The workflow of this exercise

  1. Download 200 sample molecular structures
  2. Convert these structures to Gaussian format
  3. Construct the corresponding Gaussian input files
  4. Build a sbatch-hq command list to run the jobs
  5. Submit the job using the sbatch-hq wrapper
  6. Analyze the results

Download 200 sample 3D molecular structures

  1. Create and enter a suitable scratch directory on Puhti (replace <project> with your CSC project, e.g. project_2001234):
mkdir -p /scratch/<project>/$USER/gaussian-hq
cd /scratch/<project>/$USER/gaussian-hq
  1. Download the 200 C7O2H10 structures that have originally been obtained from the QM9 dataset:
wget https://a3s.fi/CSC_training/C7O2H10.tar.gz
  1. Unpack the archive:
tar -xzf C7O2H10.tar.gz
  1. Go to the directory containing the structure files that are in .mol format:
cd C7O2H10

Convert the structures to Gaussian format

💬 Gaussian is a program for molecular electronic structure calculations.

  1. Use OpenBabel to convert the structures to Gaussian format:
module load openbabel
obabel *.mol -ocom -m
  1. Now we have converted the 200 structures into .com format that is used by Gaussian.

Construct the corresponding Gaussian input files

💬 In this example we want to do a b3lyp/cc-pVDZ calculation on these structures, i.e. a hybrid density functional theory calculation using the B3LYP exchange-correlation functional and the cc-PVDZ basis set.

  1. Add the b3lyp/cc-pVDZ keyword at the beginning of each .com file:
sed -i '1s/^/#b3lyp\/cc-pVDZ \n/' *.com
  1. Set 4 cores per job by adding the flag %NProcShared=4 to each input file:
sed -i '1s/^/%NProcShared=4\n/' *.com
  1. Now you have 200 complete Gaussian input files corresponding to the original molecular structures and the method of choice.

Build a command list to run the jobs as a HyperQueue task array

💬 A task array can sometimes be lengthy so rather than typing it by hand it is more feasible to use bash scripting to create a suitable task list file for HyperQueue.
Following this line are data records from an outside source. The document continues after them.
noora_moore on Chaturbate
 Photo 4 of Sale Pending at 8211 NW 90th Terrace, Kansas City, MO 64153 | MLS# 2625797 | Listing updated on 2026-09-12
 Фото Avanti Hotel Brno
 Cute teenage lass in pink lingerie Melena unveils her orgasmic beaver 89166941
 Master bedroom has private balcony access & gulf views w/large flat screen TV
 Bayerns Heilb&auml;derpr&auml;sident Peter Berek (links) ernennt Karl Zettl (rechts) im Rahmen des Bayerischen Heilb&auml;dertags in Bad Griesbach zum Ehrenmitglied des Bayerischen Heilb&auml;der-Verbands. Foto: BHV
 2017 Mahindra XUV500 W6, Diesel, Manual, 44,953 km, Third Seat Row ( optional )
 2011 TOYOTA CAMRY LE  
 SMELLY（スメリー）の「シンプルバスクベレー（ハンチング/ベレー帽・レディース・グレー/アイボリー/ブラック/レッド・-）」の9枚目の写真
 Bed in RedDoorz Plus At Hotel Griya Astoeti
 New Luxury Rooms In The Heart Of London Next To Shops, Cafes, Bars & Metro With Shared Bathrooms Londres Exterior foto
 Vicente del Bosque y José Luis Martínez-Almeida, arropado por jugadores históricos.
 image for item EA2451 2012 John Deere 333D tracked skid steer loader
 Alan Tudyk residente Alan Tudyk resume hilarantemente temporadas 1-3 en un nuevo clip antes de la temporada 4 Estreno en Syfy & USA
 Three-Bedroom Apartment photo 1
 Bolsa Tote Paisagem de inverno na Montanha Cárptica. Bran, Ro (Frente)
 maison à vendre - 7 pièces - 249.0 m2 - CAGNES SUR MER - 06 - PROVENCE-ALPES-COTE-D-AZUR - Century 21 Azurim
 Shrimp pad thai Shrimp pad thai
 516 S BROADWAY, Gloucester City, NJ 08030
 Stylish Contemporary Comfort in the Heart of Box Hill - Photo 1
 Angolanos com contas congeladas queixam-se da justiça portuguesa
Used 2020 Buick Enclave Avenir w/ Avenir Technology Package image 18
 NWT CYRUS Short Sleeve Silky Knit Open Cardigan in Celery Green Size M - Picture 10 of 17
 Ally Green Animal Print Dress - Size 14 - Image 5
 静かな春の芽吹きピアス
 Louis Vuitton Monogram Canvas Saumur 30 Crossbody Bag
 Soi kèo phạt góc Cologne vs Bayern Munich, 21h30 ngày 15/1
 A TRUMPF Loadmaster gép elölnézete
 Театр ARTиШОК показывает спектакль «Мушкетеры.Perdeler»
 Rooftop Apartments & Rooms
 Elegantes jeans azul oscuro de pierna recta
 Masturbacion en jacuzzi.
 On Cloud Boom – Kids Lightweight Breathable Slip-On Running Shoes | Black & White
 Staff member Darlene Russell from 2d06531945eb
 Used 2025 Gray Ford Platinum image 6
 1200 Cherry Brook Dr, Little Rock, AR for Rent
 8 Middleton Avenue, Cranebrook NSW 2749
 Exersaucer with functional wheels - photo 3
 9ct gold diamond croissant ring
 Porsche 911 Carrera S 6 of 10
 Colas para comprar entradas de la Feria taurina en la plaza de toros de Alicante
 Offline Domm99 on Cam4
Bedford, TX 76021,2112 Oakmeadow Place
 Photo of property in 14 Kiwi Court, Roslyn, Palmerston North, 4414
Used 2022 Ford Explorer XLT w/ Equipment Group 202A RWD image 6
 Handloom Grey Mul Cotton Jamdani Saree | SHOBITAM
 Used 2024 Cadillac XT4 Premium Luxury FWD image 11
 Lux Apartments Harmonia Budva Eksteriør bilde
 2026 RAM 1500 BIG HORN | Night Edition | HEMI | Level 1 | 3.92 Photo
  1. Move back up to your main directory:
cd ..
  1. Create the task list and name it commandlist:
for f in ${PWD}/C7O2H10/*.com; do echo "g16 < $f >> output/$(basename ${f%.*}).log" >> commandlist; done
  1. Inspect the task list with more, less or cat. The file should look like:
g16 < /scratch/<project>/$USER/gaussian-hq/C7O2H10/dsC7O2H10nsd_0001.com >> output/dsC7O2H10nsd_0001.log
g16 < /scratch/<project>/$USER/gaussian-hq/C7O2H10/dsC7O2H10nsd_0002.com >> output/dsC7O2H10nsd_0002.log
g16 < /scratch/<project>/$USER/gaussian-hq/C7O2H10/dsC7O2H10nsd_0003.com >> output/dsC7O2H10nsd_0003.log
...
  1. Notice that the output will be directed into a directory called output. Create this directory:
mkdir -p output

Run the HyperQueue task array with sbatch-hq

💬 Running a HyperQueue task array is similar to running a Slurm array job. However, HyperQueue packs the individual tasks within a single Slurm job step and is thus much more efficient, especially if there are a huge number of tasks. In this case, submitting the job is also very easy since we can use the sbatch-hq wrapper to avoid having to create a batch script by hand.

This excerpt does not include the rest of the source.